Considérez un déménagement dans une ville de taille
moyenne où les activités agricoles sont possibles, et
tenez-vous prêts à construire une économie différente.
Répudiez votre dette étudiante, puisque la fantaisie du
remboursement n’est rien d’autre qu’un harnais mental qui
vous empêche de préparer votre futur.
Voici
ce qu’il en est du reste de l’économie mondiale :
L’Europe
n’a pas assez de pétrole et de gaz pour s’auto-suffire.
Ses fournisseurs (la Russie et de nombreux états Islamiques) lui sont
hostiles. Comme pourrait le dire Tony Soprano, ‘fin de
l’histoire’. L’Europe a joué des jeux financiers
contre elle-même cinq années durant, et sa
crédibilité se tarit. Bientôt, elle entamera sa descente
vers une douloureuse réinitialisation économique. Son économie
de parc d’attraction de l’histoire de la civilisation prend fin.
Allez-y pendant que c’est encore possible, et prenez quelques photos de
ce à quoi le confort et l’art ressemblaient autrefois.
La
Chine implose sous le poids de son économie de copinage et de son
système bancaire. Bien essayé. Son fortune cookie lui dit
qu’elle est entrée trop tard dans l’ère
industrielle. Tout le reste n’est que désespoir : l’idée
de déplacer des centaines de millions de paysans vers de nouvelles
villes. Ils feraient mieux de planter du bok choy là où ils sont. Personne ne peut
correctement assumer que la Chine restera politiquement stable. Espérons
que son effondrement économique et politique ne se transforme pas en
guerre.
La
production de pétrole de la Russie est en déclin permanent.

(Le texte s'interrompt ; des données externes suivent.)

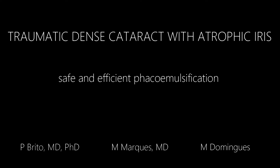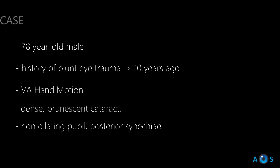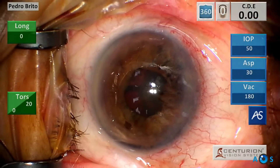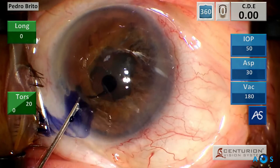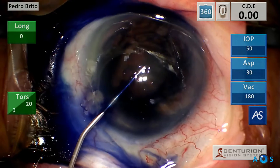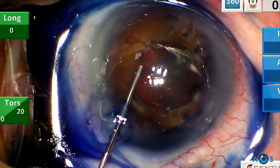In this video we present a case of a very dense cataract resulting from blunt eye trauma many years ago. The patient presented with hand motion vision and a non-dilating pupil with posterior synechiae. Phaco emulsification surgery was proposed, and as we will see with a modern phaco machine and a step-by-step approach, such cases are successfully managed.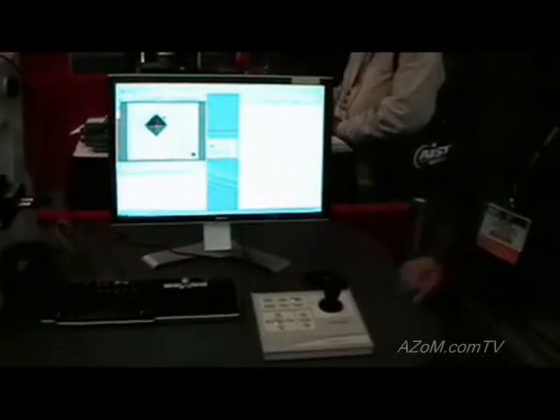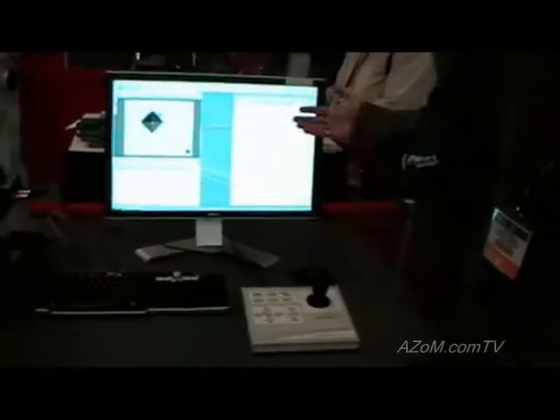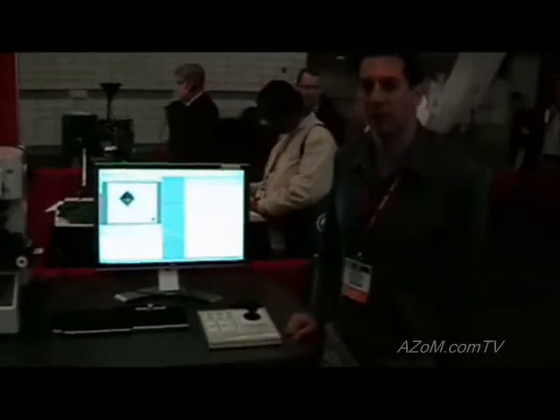One of the things the system does is that you can specify a target hardness and it will extrapolate at what penetration depth that hardness has been achieved. I've specified three points over here so you can get the penetration. Once the test is complete, you can verify the points, modify some values, print out the data, and export them into Excel.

Elle en a beaucoup, mais tire une grande partie de ses revenus en vendant du
pétrole à d’autres. D’où l’idée
de Vladimir Poutine de trouver autre chose sur quoi reposer
l’économie de son pays. Mais quoi ? Je ne pense pas que la
Russie pourra remplacer la Chine en tant que premier fabricant mondial de
pistolets pour la vinaigrette. Le secteur agricole semble être une
bonne option, et Vlad espère que le
réchauffement climatique puisse un jour lui permettre de le
développer. Dans tous les cas, la Russie pourrait
bénéficier, sur le long terme, de se garder de vendre tout son
pétrole et son gaz – bien que l’Europe de l’Ouest
s’en trouverait certainement affectée. Son point positif,
c’est que la Russie n’est pas handicapée par des
débats idiots autour du mariage homosexuel, de l’avortement et
de l’usage de la Bible à l’école.
Le
Japon. Désolé si je me répète. Il se dirige droit
vers une ère médiévale. Il n’a ni pétrole
ni gaz. Le hara-kiri financier du Japon entraînera avec lui le
système bancaire mondial – ou du moins aggravera les dommages
tout autour du monde. Une majeure partie de la fabrication de puces
informatiques est implantée au Japon, et ça aussi, ça
finira par disparaître à mesure que le Japon exhalera, soufflera
sa dernière toux de CO2.
Qu’est-ce
qu’il nous reste ? L’Amérique du Sud ? Pensez
jungle (ou désert, faites votre choix). Le Canada ? il y a de
l’idée. Peut-être le Labrador pourra-t-il devenir les
nouveaux Hamptons ? Deuxième plus grand
territoire… 30 millions d’habitants (2% de la population de la
Chine). Seul inconvénient : la vue côté sud.